──────── AVAILABLE DATA ────────

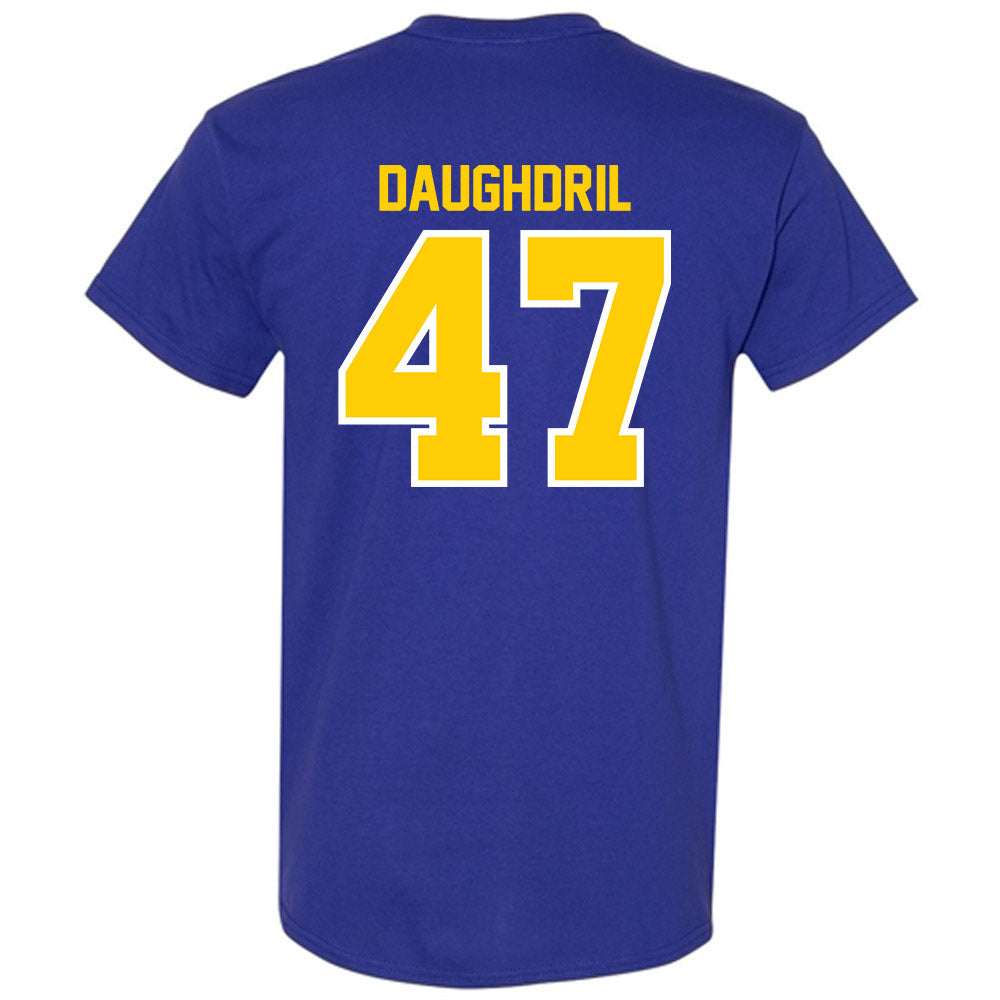 McNeese State - NCAA Football : Landon Daughdril - Classic Fashion Shersey T-Shirt-1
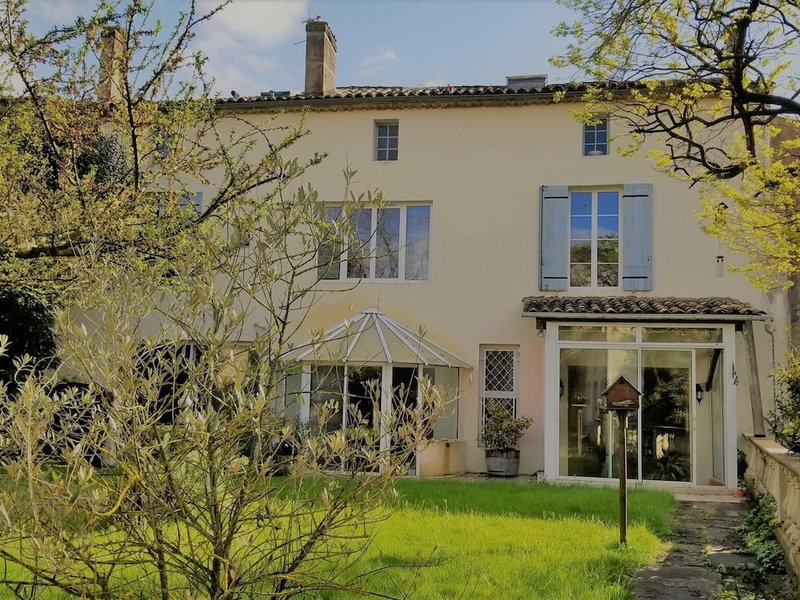 La Maison Blanche, Blaye, France
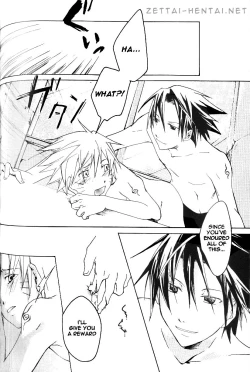 Page 25 of SasuNaru Ero Anthology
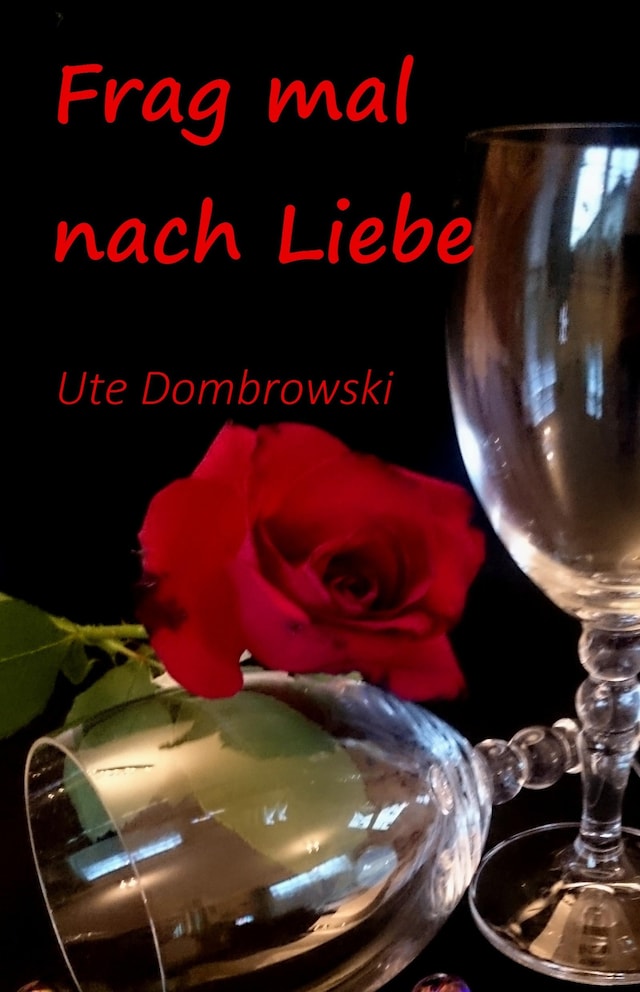 Book cover for Frag mal nach Liebe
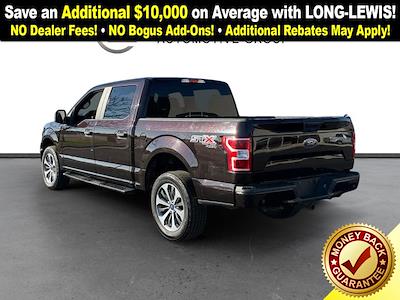 2019 Ford F-150 SuperCrew Cab 4WD Pickup for sale #P26SD028A - photo 2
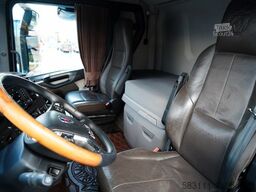 SCANIA S 500 / RETARDER / I-PARK COOL / ALUFELGI / SKÓR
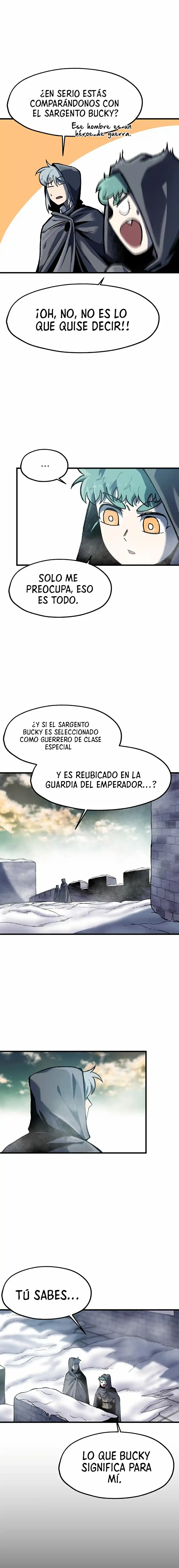 La Luz Del Amanecer - Capítulo 16 - Página 3 - LectorTMOo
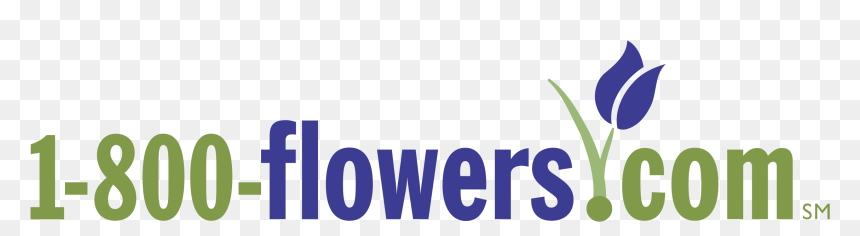 1 800 Flowers Com Logo Png Transparent - Graphic Design, Png Download - flowers logo png
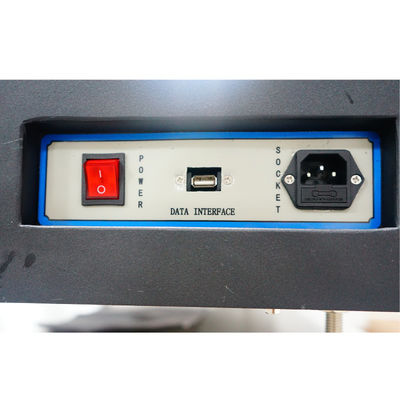 Máquina de ensaio de resistência à tração universal de coluna dupla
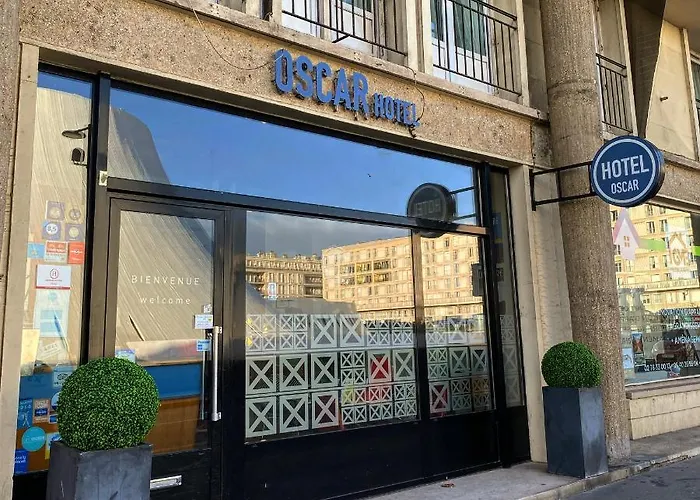 Oscar Hôtel Le Havre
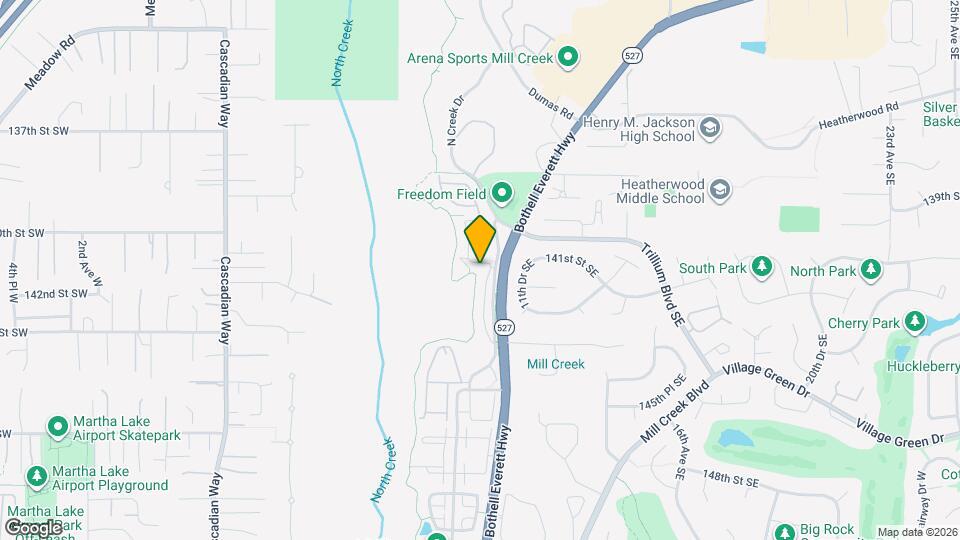 Heatherwood Apartments and Nearby Mill Creek Apartments For Rent Mill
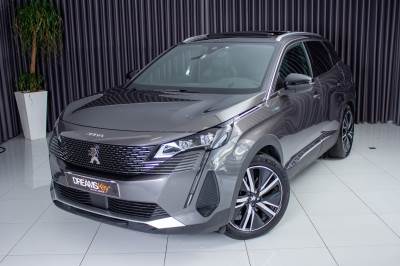 Carro usado Peugeot 3008 1.6 Hybrid4 GT Pack e-EAT8 Híbrido (Gasolina)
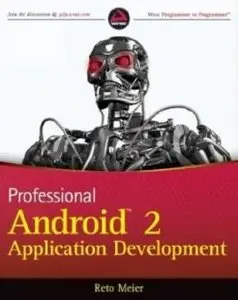 Professional Android 2 Application Development (Repost)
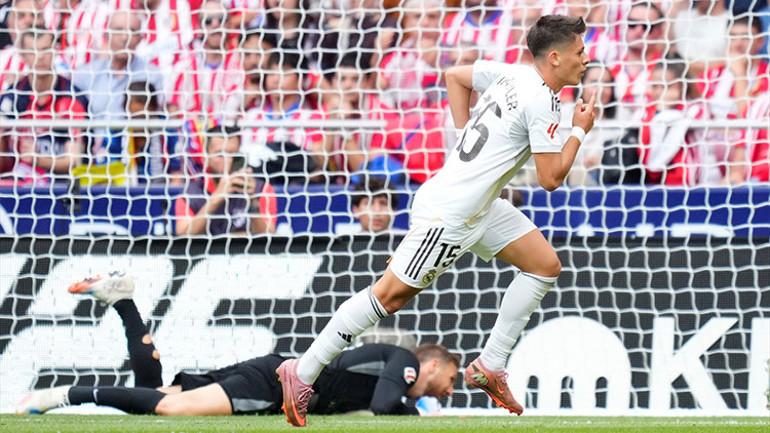 Mbappé ile Arda Güler: Gelişmiş Bir Ortaklık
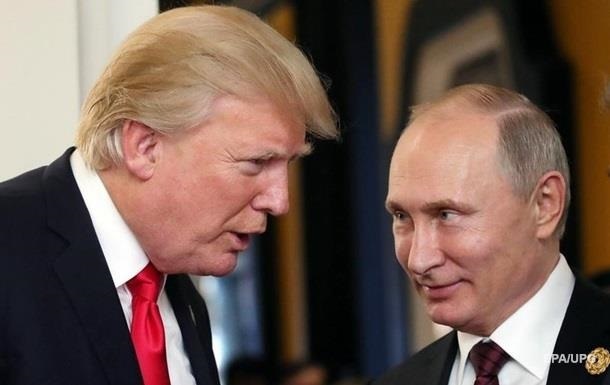 Трамп передал Путину сообщение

────────

What is needed is an exact copy of the lines from the line with "La Luz Del Amanecer" to the end of the data above, both included, without any pictures.

 La Luz Del Amanecer - Capítulo 16 - Página 3 - LectorTMOo
 1 800 Flowers Com Logo Png Transparent - Graphic Design, Png Download - flowers logo png
 Máquina de ensaio de resistência à tração universal de coluna dupla
 Oscar Hôtel Le Havre
 Heatherwood Apartments and Nearby Mill Creek Apartments For Rent Mill
 Carro usado Peugeot 3008 1.6 Hybrid4 GT Pack e-EAT8 Híbrido (Gasolina)
 Professional Android 2 Application Development (Repost)
 Mbappé ile Arda Güler: Gelişmiş Bir Ortaklık
 Трамп передал Путину сообщение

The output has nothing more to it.